Apple’s website also lists an iPhone 13 deal from T-Mobile that offers existing T-Mobile and Sprint customers $700 off an iPhone 13 series phone if they trade in an iPhone X and keep or switch to the company’s Magenta Max plan. The discount would consist of $500 in bill credits and a $200 Apple trade-in credit, according to a description on the site. Consumers are eligible for larger discounts if they trade in newer models.

The carrier also debuted a program it called Forever Upgrade, which will let new and existing customers trade in some older devices and receive a free iPhone 13 Pro, or up to $1,000 off phones from the iPhone 12 and 13 series, when moving to or staying on certain plans and obtaining the phone from T-Mobile directly.

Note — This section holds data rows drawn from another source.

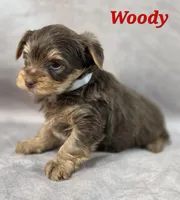 processed/9c22f5f0-198c-475a-9c00-7e3d005fc3fd/listing/6e458fd9-21a2-4a9b-8513-16e447bb6855/0bbf5562-4a88-4d32-98db-9ae7358a4a45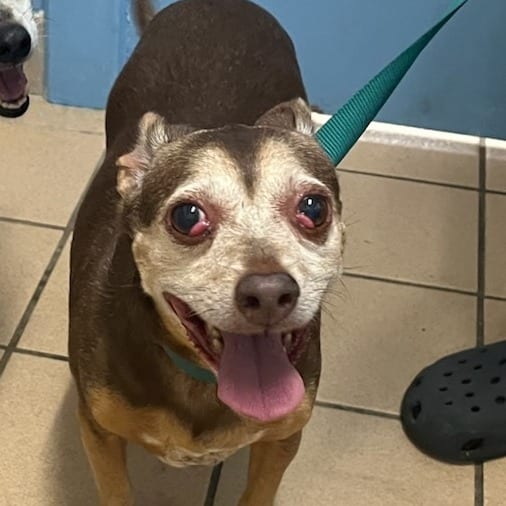 Photo of Diane, adoptable senior Chihuahua / Mix in Fort Pierce, Florida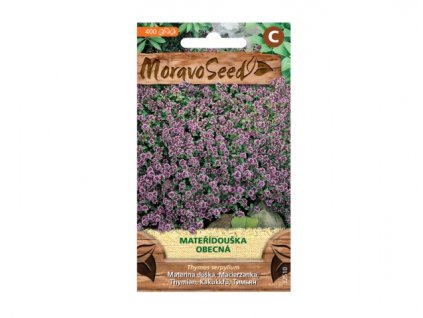 Mateřídouška obecná MoravoSeed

The “forever” part of the tagline refers to an arrangement through which consumers would “lock in up to $800” off in trade-in value toward a new iPhone every two years afterward.

Verizon will give new and current customers up to $800 off the iPhone 13 lineup with certain trade-ins on some of its unlimited plans and provide up to $500 toward the cost of switching carriers.

Existing customers purchasing through Apple’s site can save up to $700 on new phones from the lineup, according to Apple, which offers its own subscription and trade-in programs as well.

Carriers have been pushed into subsidies and greater competition for customers by the price of the industry’s build-out of 5G wireless networks, and the subsequent need to push more customers onto pricier unlimited plans.

In-depth: Will 5G ever live up to the hype?

The Federal Communications Commission disclosed in February that wireless companies spent more than $80 billion at a crucial auction for spectrum that would help them build out their 5G networks. Verizon spent upward of $45 billion, while AT&T spent more than $23 billion. T-Mobile spent $9.3 billion but already had a sizable amount of mid-band spectrum owing to its blockbuster deal for Sprint.